##### RECORDS PROVIDED #####

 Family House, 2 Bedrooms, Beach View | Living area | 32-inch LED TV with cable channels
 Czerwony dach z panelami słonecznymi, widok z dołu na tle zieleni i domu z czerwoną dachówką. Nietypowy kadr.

#####
##### RECORDS PROVIDED #####

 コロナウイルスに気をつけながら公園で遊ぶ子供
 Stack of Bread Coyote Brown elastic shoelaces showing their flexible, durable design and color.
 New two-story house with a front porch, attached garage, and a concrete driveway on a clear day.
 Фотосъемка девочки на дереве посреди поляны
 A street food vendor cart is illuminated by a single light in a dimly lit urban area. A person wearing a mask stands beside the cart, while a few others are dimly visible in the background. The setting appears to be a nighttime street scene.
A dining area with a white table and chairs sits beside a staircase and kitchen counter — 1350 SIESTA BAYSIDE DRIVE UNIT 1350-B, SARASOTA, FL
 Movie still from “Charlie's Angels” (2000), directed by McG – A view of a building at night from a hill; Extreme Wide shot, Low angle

#####

▶ WHAT THE TASK ASKS: Using the data above, reproduce exactly the lines from the line that contains "New two-story house" through the line that contains "Movie still from", including both.

▶ SOLVED EXERCISE:
 New two-story house with a front porch, attached garage, and a concrete driveway on a clear day.
 Фотосъемка девочки на дереве посреди поляны
 A street food vendor cart is illuminated by a single light in a dimly lit urban area. A person wearing a mask stands beside the cart, while a few others are dimly visible in the background. The setting appears to be a nighttime street scene.
A dining area with a white table and chairs sits beside a staircase and kitchen counter — 1350 SIESTA BAYSIDE DRIVE UNIT 1350-B, SARASOTA, FL
 Movie still from “Charlie's Angels” (2000), directed by McG – A view of a building at night from a hill; Extreme Wide shot, Low angle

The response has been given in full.